[[ RECORD SET open ]]

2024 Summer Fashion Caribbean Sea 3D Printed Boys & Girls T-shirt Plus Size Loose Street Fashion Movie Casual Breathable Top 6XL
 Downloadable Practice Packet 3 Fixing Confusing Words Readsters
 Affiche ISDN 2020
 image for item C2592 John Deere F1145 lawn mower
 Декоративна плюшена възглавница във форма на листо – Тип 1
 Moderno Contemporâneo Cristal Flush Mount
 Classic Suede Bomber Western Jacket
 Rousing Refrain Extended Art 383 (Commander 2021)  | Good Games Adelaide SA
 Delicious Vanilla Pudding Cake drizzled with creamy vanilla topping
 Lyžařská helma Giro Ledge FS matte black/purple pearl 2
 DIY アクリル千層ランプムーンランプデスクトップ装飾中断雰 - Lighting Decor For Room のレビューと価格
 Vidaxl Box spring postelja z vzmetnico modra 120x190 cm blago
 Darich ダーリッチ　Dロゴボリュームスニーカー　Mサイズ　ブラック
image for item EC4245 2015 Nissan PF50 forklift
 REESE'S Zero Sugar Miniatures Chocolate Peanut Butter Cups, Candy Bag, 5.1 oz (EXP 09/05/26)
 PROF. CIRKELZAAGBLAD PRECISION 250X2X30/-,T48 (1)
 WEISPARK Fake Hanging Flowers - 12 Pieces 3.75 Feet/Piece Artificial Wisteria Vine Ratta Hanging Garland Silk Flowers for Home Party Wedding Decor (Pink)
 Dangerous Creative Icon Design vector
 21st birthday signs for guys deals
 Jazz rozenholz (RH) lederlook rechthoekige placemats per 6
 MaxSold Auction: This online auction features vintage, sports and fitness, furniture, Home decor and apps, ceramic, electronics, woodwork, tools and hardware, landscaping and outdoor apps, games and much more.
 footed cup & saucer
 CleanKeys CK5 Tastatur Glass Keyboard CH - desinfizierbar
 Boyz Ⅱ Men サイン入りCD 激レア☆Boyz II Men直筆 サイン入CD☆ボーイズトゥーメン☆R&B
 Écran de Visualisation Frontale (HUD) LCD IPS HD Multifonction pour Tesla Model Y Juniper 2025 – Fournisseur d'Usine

[[ RECORD SET closed ]]

• WHAT THIS TASK INVOLVES:
Retype exactly, and only, the lines above from the one where "Vidaxl Box spring" occurs up to and including the one where "footed cup & saucer" occurs.

• YOUR SOLUTION:
 Vidaxl Box spring postelja z vzmetnico modra 120x190 cm blago
 Darich ダーリッチ　Dロゴボリュームスニーカー　Mサイズ　ブラック
image for item EC4245 2015 Nissan PF50 forklift
 REESE'S Zero Sugar Miniatures Chocolate Peanut Butter Cups, Candy Bag, 5.1 oz (EXP 09/05/26)
 PROF. CIRKELZAAGBLAD PRECISION 250X2X30/-,T48 (1)
 WEISPARK Fake Hanging Flowers - 12 Pieces 3.75 Feet/Piece Artificial Wisteria Vine Ratta Hanging Garland Silk Flowers for Home Party Wedding Decor (Pink)
 Dangerous Creative Icon Design vector
 21st birthday signs for guys deals
 Jazz rozenholz (RH) lederlook rechthoekige placemats per 6
 MaxSold Auction: This online auction features vintage, sports and fitness, furniture, Home decor and apps, ceramic, electronics, woodwork, tools and hardware, landscaping and outdoor apps, games and much more.
 footed cup & saucer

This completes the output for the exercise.